Offsets stored in Zookeeper or Kafka?
Older versions of Kafka (pre 0.9) store offsets in ZK only, while newer version of Kafka, by default store offsets in an internal Kafka topic called __consumer_offsets
(newer version might still commit to ZK though).
The advantage of committing offsets to the broker is, that the consumer does not depend on ZK and thus clients only need to talk to brokers which simplifies the overall architecture. Also, for large deployments with a lot of consumers, ZK can become a bottleneck while Kafka can handle this load easily (committing offsets is the same thing as writing to a topic and Kafka scales very well here -- in fact, by default __consumer_offsets
is created with 50 partitions IIRC).
I am not familiar with NodeJS or kafka-node -- it depend on the client implementation how offsets are committed.
Long story short: if you use brokers 0.10.1.0
you could commit offsets to topic __consumer_offsets
. But it depends on your client, if it implements this protocol.
In more detail, it depends on your broker and client version (and which consumer API you are using), because older clients can talk to newer brokers. First, you need to have broker and client version 0.9
or larger to be able to write offsets into the Kafka topics. But if an older client is connecting to a 0.9
broker, it will still commit offsets to ZK.
For Java consumers:
It depends what consumer are using: Before 0.9 there are two "old consumer" namely "high level consumer" and "low level consumer". Both, commit offsets directly to ZK. Since 0.9
, both consumers got merged into single consumer, called "new consumer" (it basically unifies low level and high level API of both old consumers -- this means, in 0.9
there a three types of consumers).
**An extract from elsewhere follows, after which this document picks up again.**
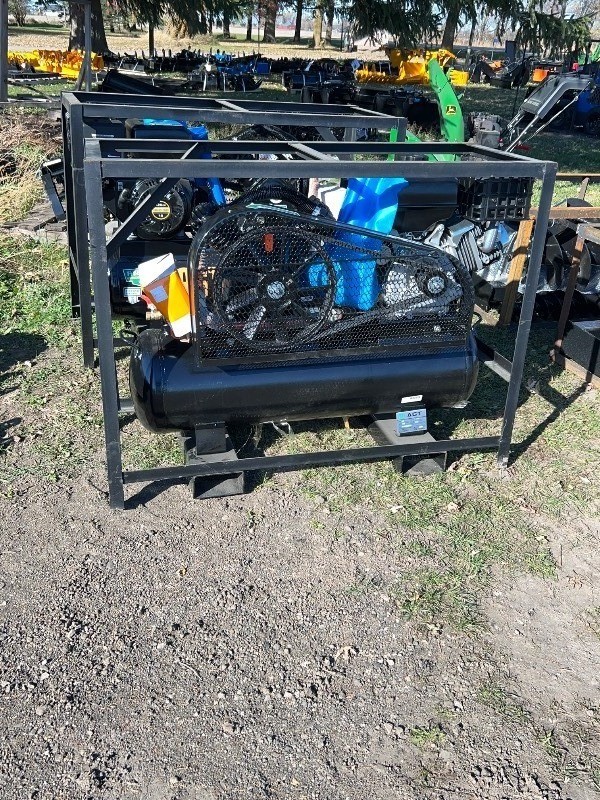 AGT Air Compressor, 40 Gallon, w Briggs & Stratton Engine (AC)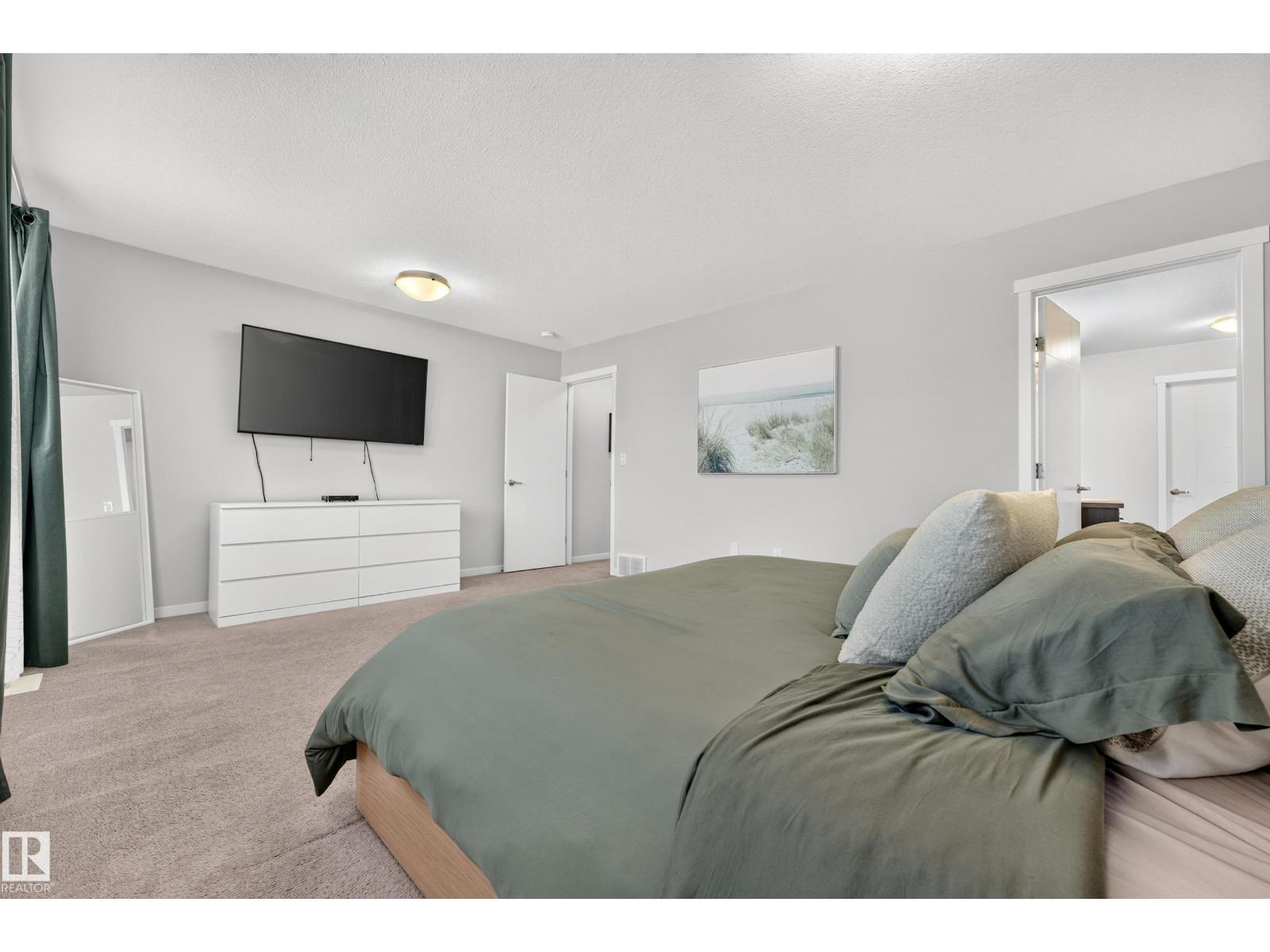 3519 8 ST NW - 29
The new consumer commits offset to the brokers (ie, the internal Kafka topic)
To make upgrading easier, there is also the possibility to "double commit" offsets using old consumer (as of 0.9
). If you enable this via dual.commit.enabled
, offsets are committed to ZK and the __consumer_offsets
topic. This allows you to switch from old consumer API to new consumer API while moving you offsets from ZK to __consumer_offsets
topic.
It all depends on which consumer you're using. You should choose the right consumer based on your Kafka version.
for version 0.8
brokers use the HighLevelConsumer
. The offsets for your groups are stored in zookeeper.
For brokers 0.9
and higher you should use the new ConsumerGroup
. The offsets are stored with kafka brokers.
Keep in mind that HighLevelConsumer
will still work with versions past 0.8 but they have been deprecated in 0.10.1
and support will probably go away soon. The ConsumerGroup
has rolling migration options to help move from HighLevelConsumer
if you were committed to using it.
Offsets in Kafka are stored as messages in a separate topic named '__consumer_offsets' . Each consumer commits a message into the topic at periodic intervals in latest versions of kafka.